*WHAT NEEDS TO BE DONE*
Within the listing below, give again exactly the lines between the one containing "Severin DK 1042" and the one containing "Siera Long Sleeve Top in Dark Chocolate", inclusive, pictures left aside.

*SOURCE DATA*
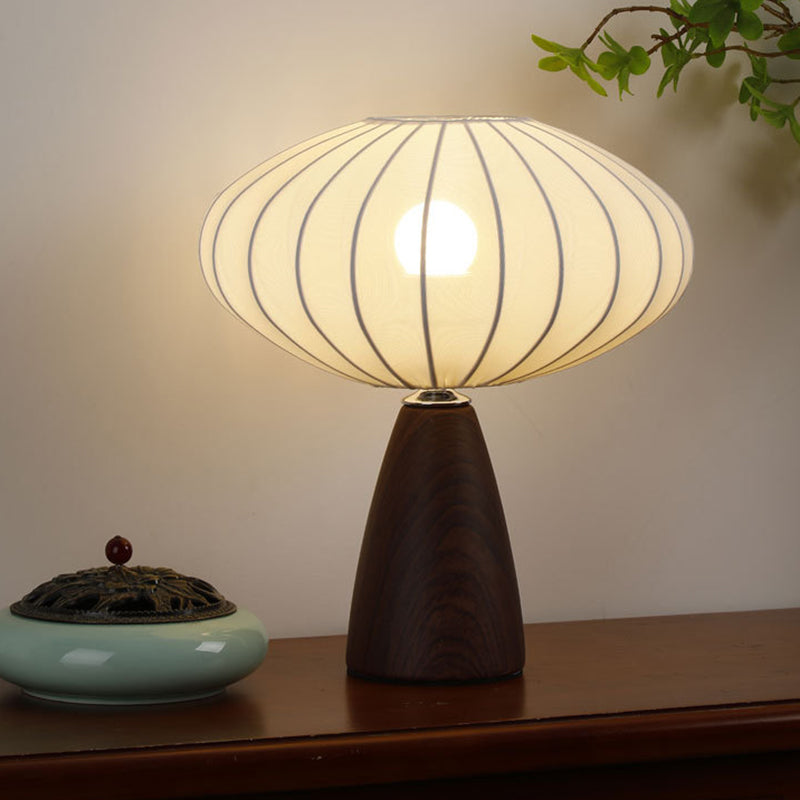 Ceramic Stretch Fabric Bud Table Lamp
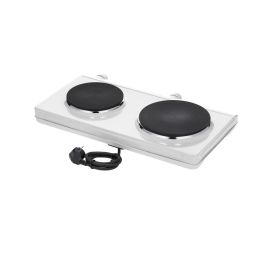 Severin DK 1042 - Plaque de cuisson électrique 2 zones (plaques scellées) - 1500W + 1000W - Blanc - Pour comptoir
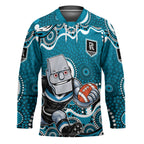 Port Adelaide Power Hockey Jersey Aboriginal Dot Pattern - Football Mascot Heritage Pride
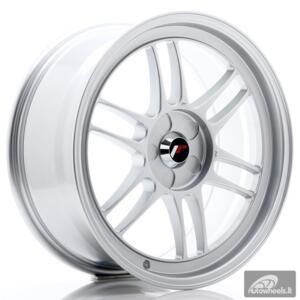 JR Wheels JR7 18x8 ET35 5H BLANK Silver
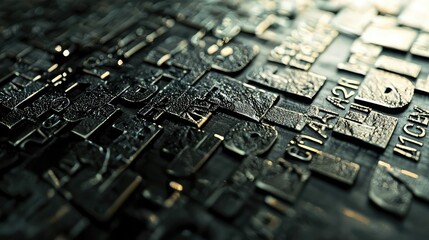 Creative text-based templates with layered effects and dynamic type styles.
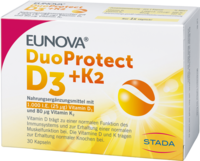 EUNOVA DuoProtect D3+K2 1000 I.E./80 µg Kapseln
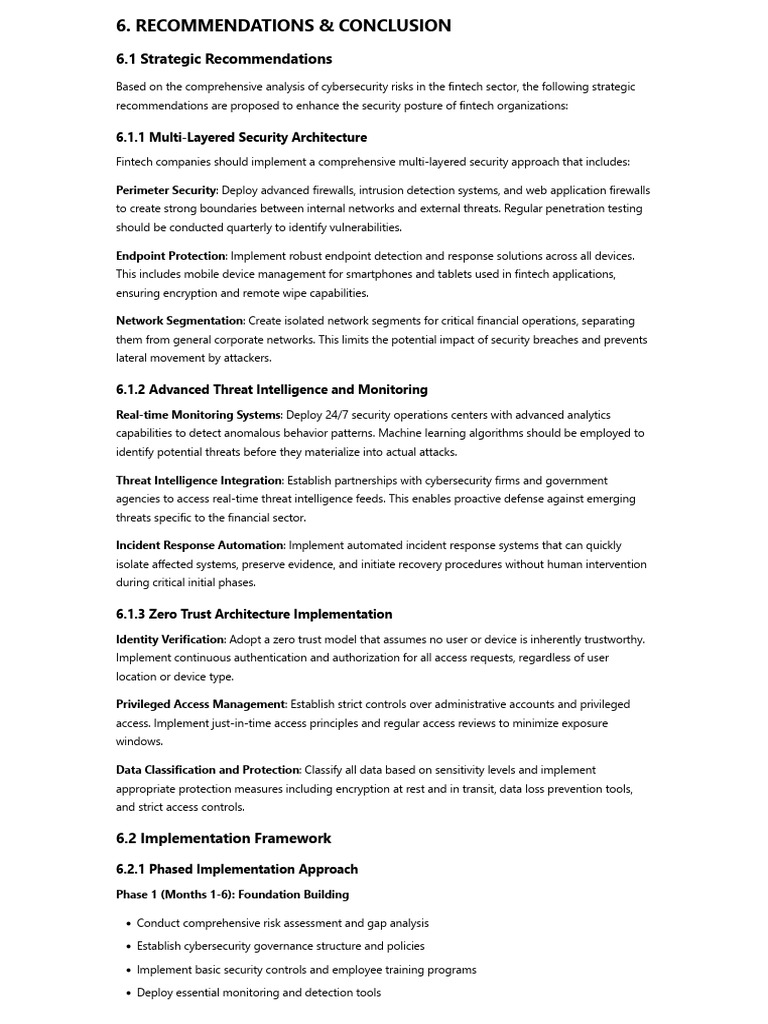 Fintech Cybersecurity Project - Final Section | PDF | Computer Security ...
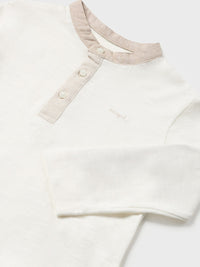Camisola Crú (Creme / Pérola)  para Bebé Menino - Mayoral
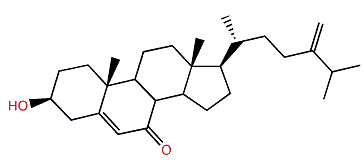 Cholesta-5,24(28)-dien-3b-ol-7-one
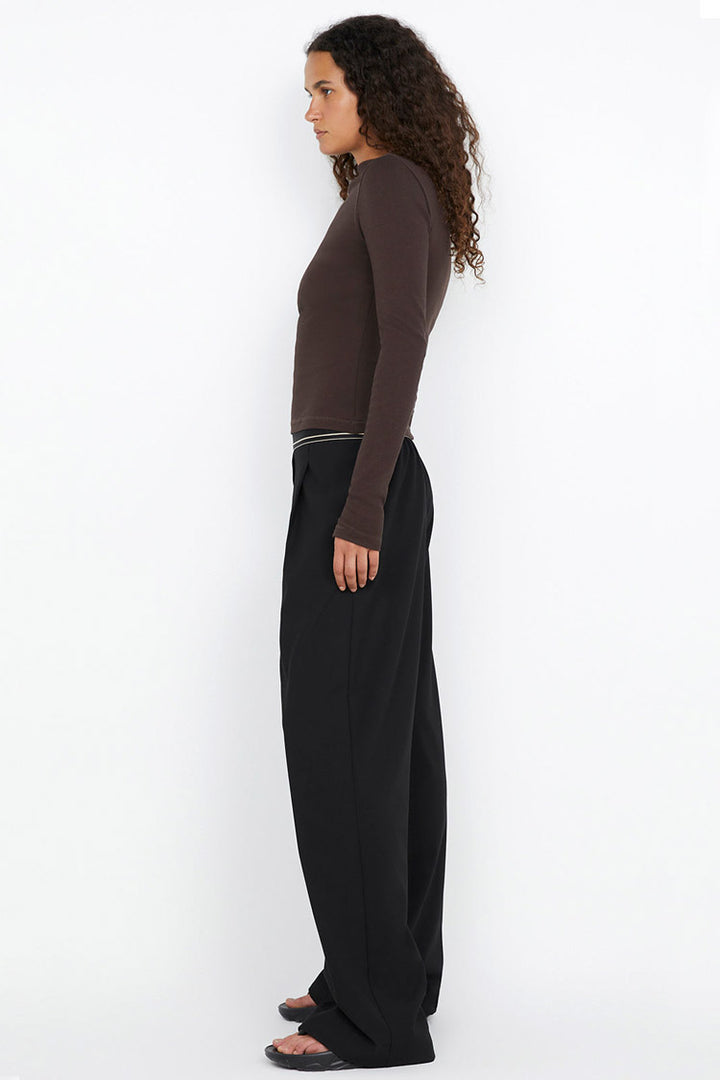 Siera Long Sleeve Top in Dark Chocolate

---

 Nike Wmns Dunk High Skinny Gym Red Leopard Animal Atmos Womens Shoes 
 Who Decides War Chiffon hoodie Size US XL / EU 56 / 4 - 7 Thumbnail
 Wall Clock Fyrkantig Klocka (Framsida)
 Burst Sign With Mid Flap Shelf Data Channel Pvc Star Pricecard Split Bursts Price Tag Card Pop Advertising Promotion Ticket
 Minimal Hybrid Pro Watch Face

* * *

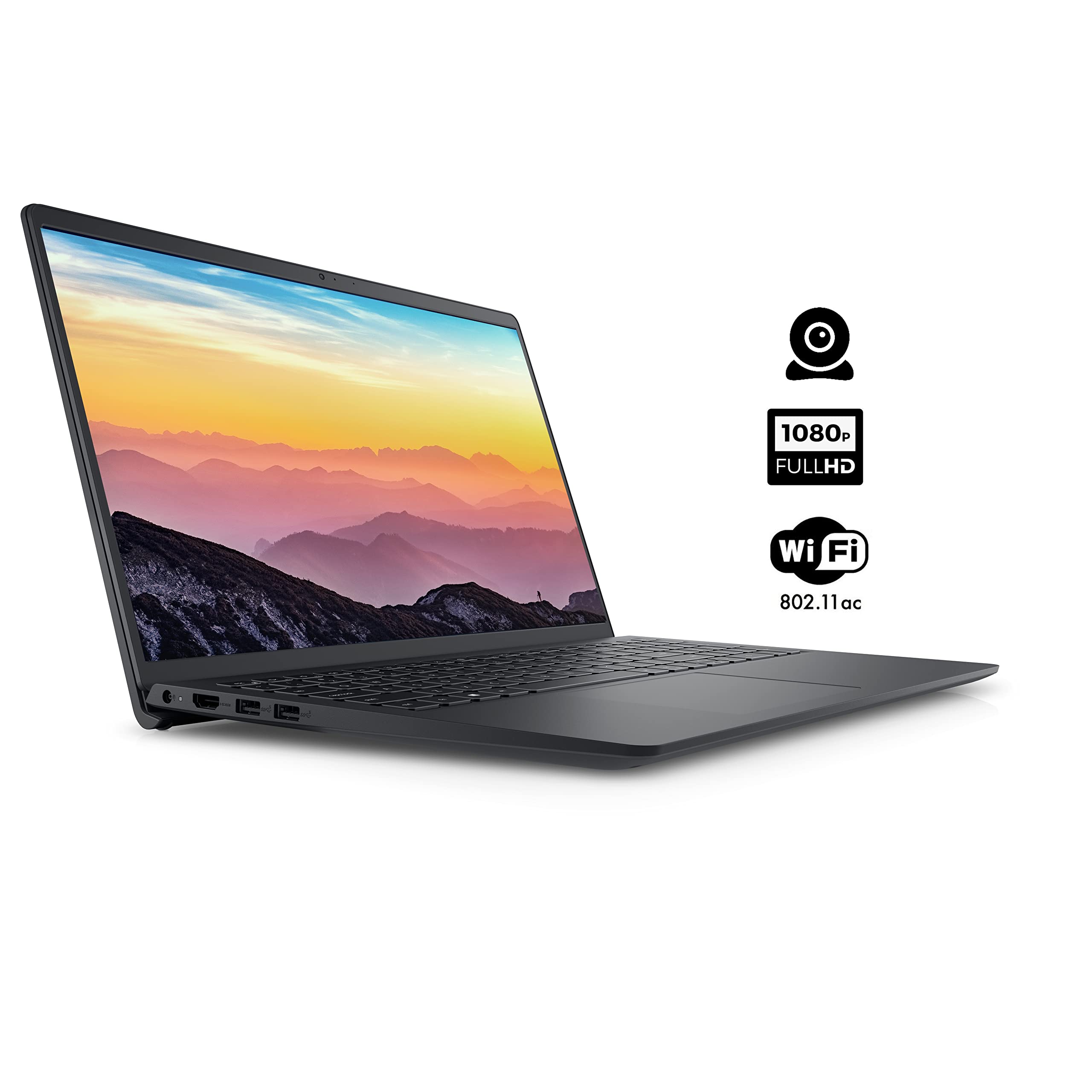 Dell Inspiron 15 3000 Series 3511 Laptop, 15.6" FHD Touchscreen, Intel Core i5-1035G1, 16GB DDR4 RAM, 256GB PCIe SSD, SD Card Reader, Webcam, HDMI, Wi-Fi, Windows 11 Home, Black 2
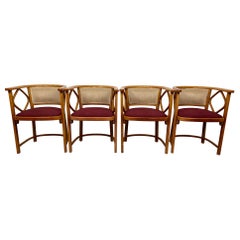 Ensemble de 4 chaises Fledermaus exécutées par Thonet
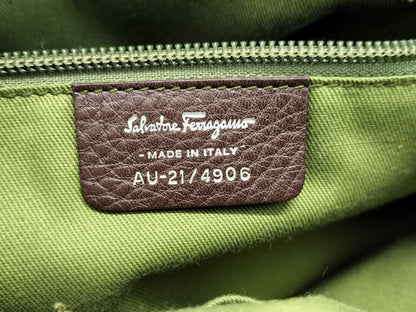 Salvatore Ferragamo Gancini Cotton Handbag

*ANSWER SECTION*
 Severin DK 1042 - Plaque de cuisson électrique 2 zones (plaques scellées) - 1500W + 1000W - Blanc - Pour comptoir
 Port Adelaide Power Hockey Jersey Aboriginal Dot Pattern - Football Mascot Heritage Pride
 JR Wheels JR7 18x8 ET35 5H BLANK Silver
 Creative text-based templates with layered effects and dynamic type styles.
 EUNOVA DuoProtect D3+K2 1000 I.E./80 µg Kapseln
 Fintech Cybersecurity Project - Final Section | PDF | Computer Security ...
Camisola Crú (Creme / Pérola)  para Bebé Menino - Mayoral
 Cholesta-5,24(28)-dien-3b-ol-7-one
 Siera Long Sleeve Top in Dark Chocolate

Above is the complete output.